» INSTRUCTIONS FOR THE TASK: I need the lines from the one holding "Weihnachtsbaum - Bild Heijo Schlein" to the last line of the data below repeated exactly, both included, without pictures.

» DATASET RECORDS:

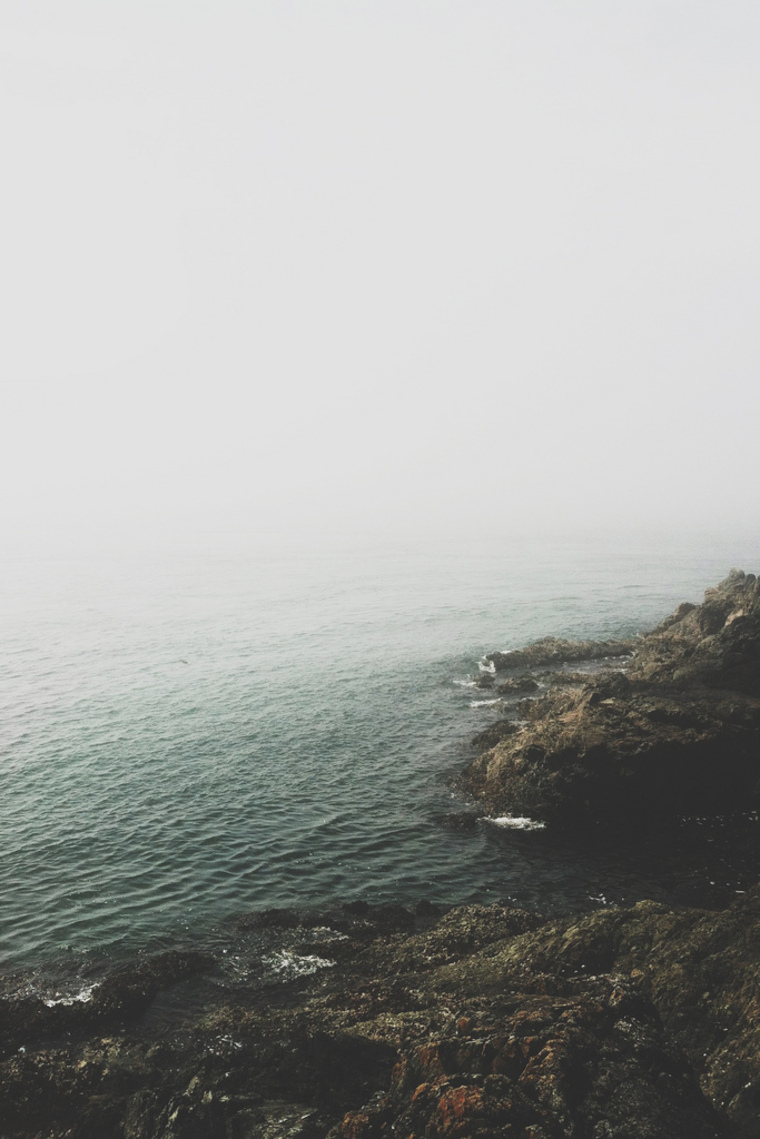 u30366555 cover image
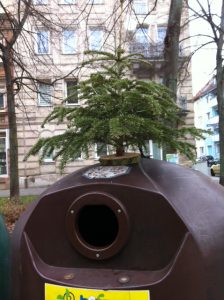Weihnachtsbaum - Bild Heijo Schlein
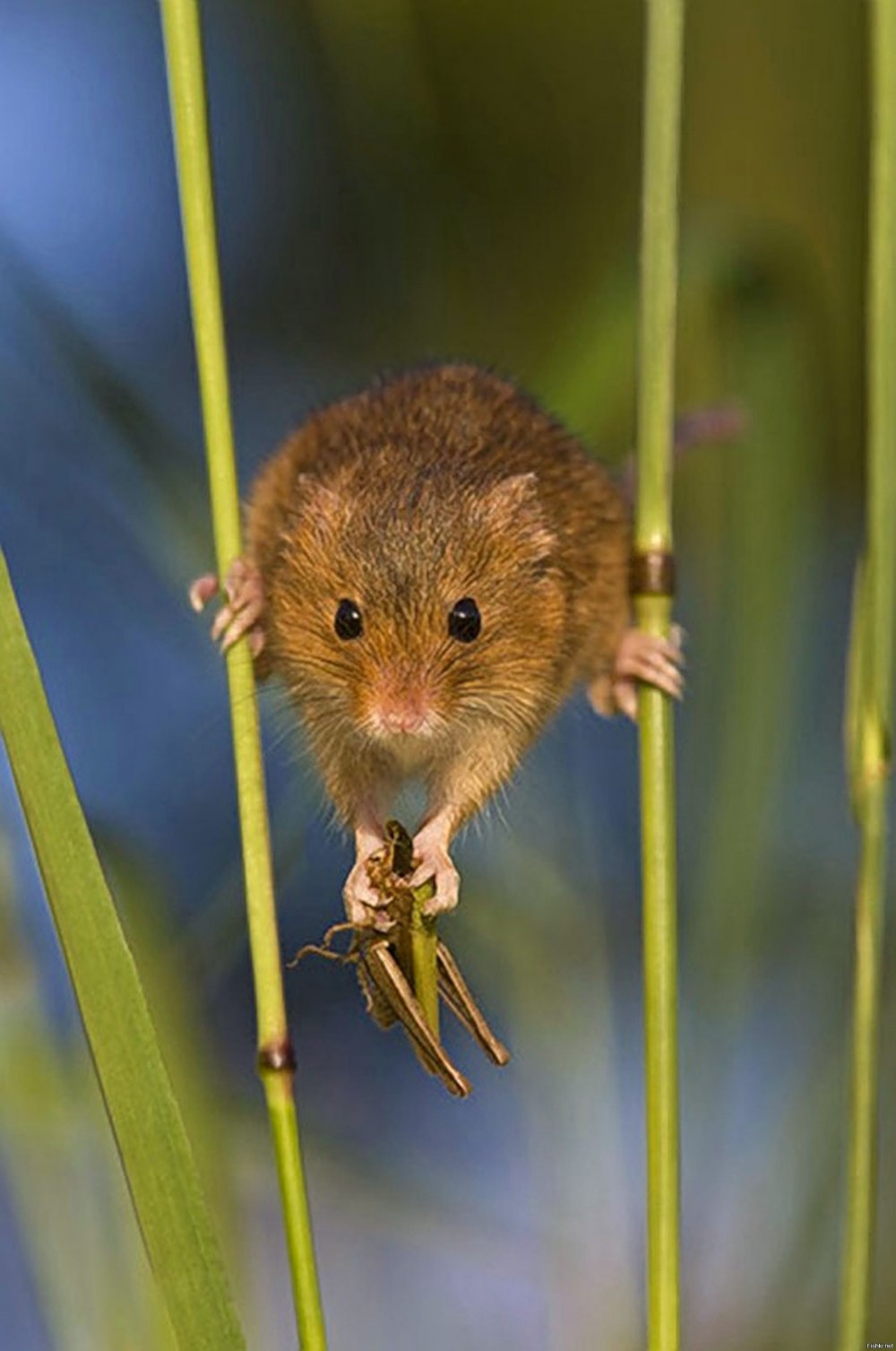 Мышь-Малютка (лат. Micromys minutus)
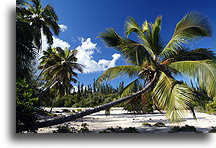 Leaning Palm Tree::Isle of Pines, New Caledonia, South Pacific::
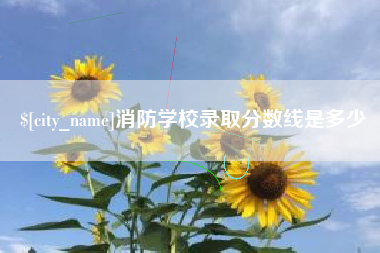 诸城消防学校录取分数线是多少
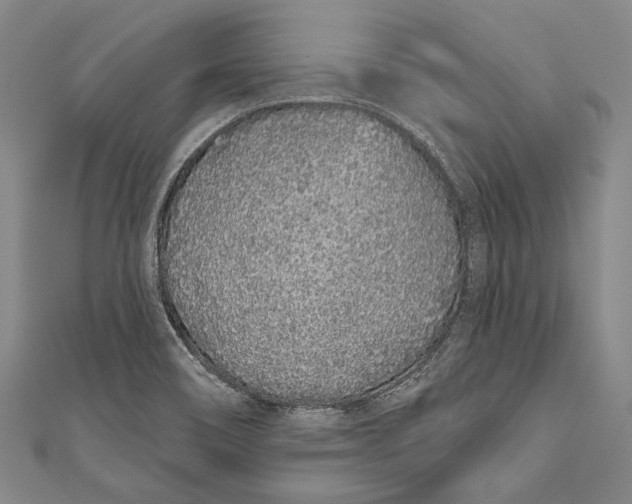 X0000110961466200907101317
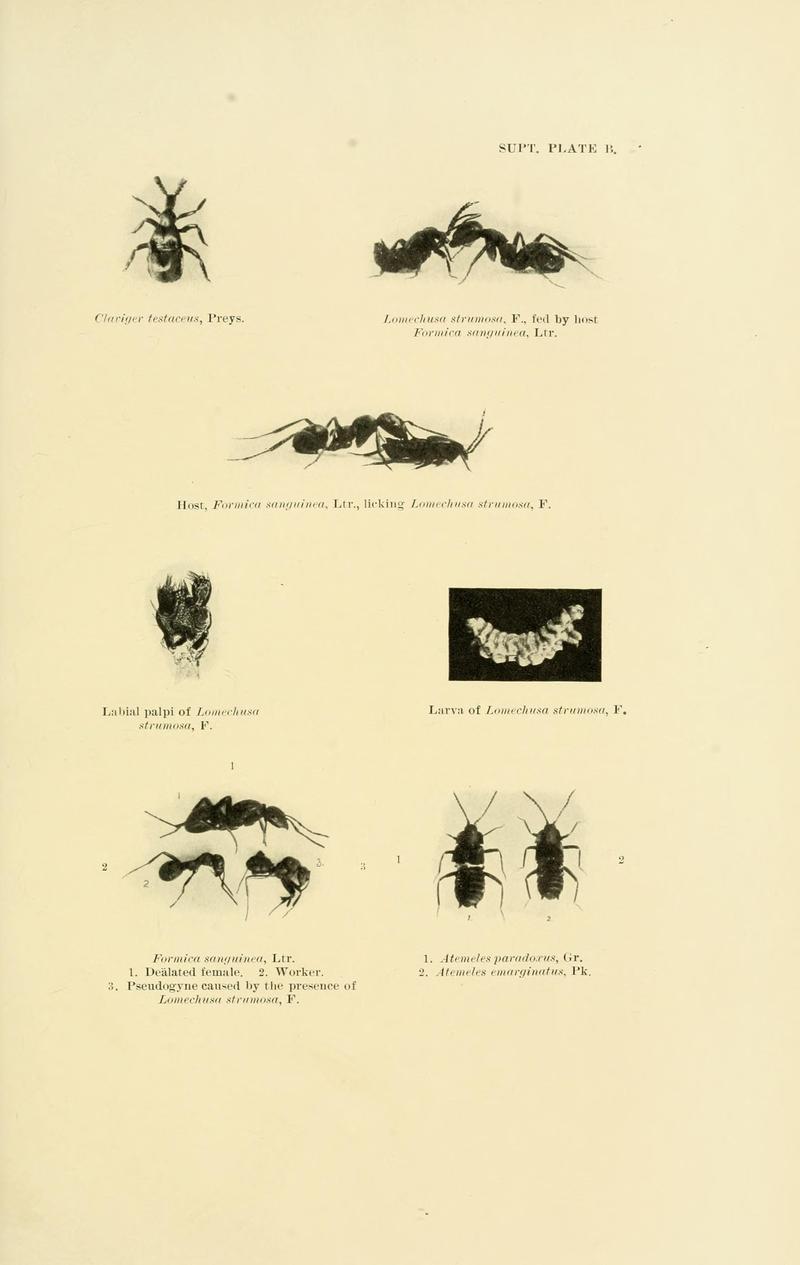 The Coleoptera of the British islands (8552514198)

» THE ANSWER:
Weihnachtsbaum - Bild Heijo Schlein
 Мышь-Малютка (лат. Micromys minutus)
 Leaning Palm Tree::Isle of Pines, New Caledonia, South Pacific::
 诸城消防学校录取分数线是多少
 X0000110961466200907101317
 The Coleoptera of the British islands (8552514198)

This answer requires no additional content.